The Justice Department today announced a crackdown against a growing number of companies that are telling tens of thousands of customers they don't have to pay federal income tax, and took legal action against a company for allegedly promoting one such scheme.

In seeking a civil injunction, the government hopes to shut down Pinnacle Quest International, which allegedly made $54 million between 2002 and 2006 by sponsoring various tax avoidance schemes at trade shows and resorts in Mexico, France and several locations in the Mediterranean to customers who sought to avoid U.S. taxes.

According to the Justice Department, PQI, which employed 830 salespeople, organized a conference aboard a cruise ship in the Mediterranean to allegedly educate clients on how to avoid paying federal income tax.

The cruise, dubbed a "smorgasbord of tax fraud at sea" in the Justice Department's civil injunction papers, was allegedly held aboard the Celebrity Cruise Line ship Galaxy in May 2007 and included lectures by Sherry Peel Jackson, a former IRS agent who was at the time under indictment for tax crimes.

The government says Jackson earned an estimated $138,000 from working for PQI. A federal jury in Atlanta convicted her last year on charges that she failed to submit tax returns, and a judge sentenced her to four years in prison in February.
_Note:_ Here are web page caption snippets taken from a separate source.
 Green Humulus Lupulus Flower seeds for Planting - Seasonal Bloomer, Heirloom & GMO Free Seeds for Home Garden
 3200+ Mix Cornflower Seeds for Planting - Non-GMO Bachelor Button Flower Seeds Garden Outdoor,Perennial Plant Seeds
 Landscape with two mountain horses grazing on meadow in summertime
Jackson is appealing her conviction.

The lawsuits, filed against PQI and several of its alleged promoters in three federal courts in Florida, Oregon and Washington State, allege that the company sold its products to more than 10,000 customers who paid a fee to learn how to convince the federal government that they were not required to pay taxes.
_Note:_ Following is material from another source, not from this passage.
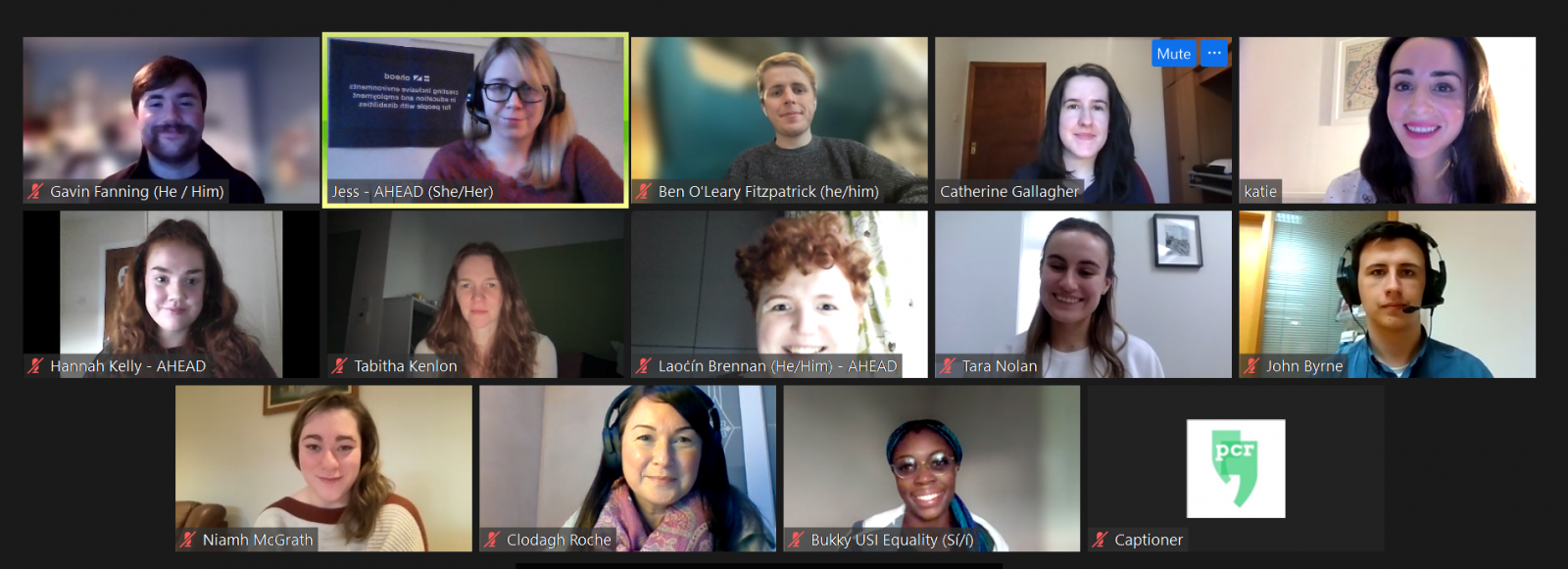 Smiley faces from the advisory Group members at their last meeting of the year on Zoom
In the Oregon case, the government claims PQI promoted the use of false entities to hide taxable income, and promoted seminars that wrongly told customers they could avoid paying taxes by revoking their Social Security numbers.

The federal lawsuit filed in Florida alleged that PQI engaged in a marketing scheme with financial incentives to keep customers buying the companies products and lectures. Customers initially bought into the PQI tax shows for $7,500 and were invited to attend the next level seminar for $18,750 before being invited to attend the cruise.

Attempts to contact PQI by phone and fax were not successful, and e-mail messages from ABC News were not immediately answered.

Nathan Hochman, assistant attorney general of the Justice Department's Tax Division said, "The size and sheer brazenness of the tax defier activities alleged in these complaints are staggering."

Justice announced the legal action, as well as the larger initiative to combat alleged tax fraud schemes, as millions of Americans finalize their tax returns before next week's April 15 deadline.

U.S. Attorney offices across the country are being told to target so-called "tax defier" companies, which often rely on the Internet to lure the gullible.

In recent years, the tax avoidance schemes have grown, especially on the Internet, with tax defiers asserting that they are not required to file federal tax returns for various reasons.

Some individuals claim they have renounced their U.S. citizenship, but "If they meet the minimum income requirement they absolutely have to pay their taxes," Hochman said at a press conference.

Other individuals claim they can avoid filing tax returns because they claim it is in violation of the 16th amendment, which limits Congress' authority to levy taxes. "The tax defier rejects the entire legal basis of our tax system," Hochman added.

As for the customers of the alleged sham organizations like PQI, the government says it's going to force them to pay their taxes, and in some cases, will prosecute them.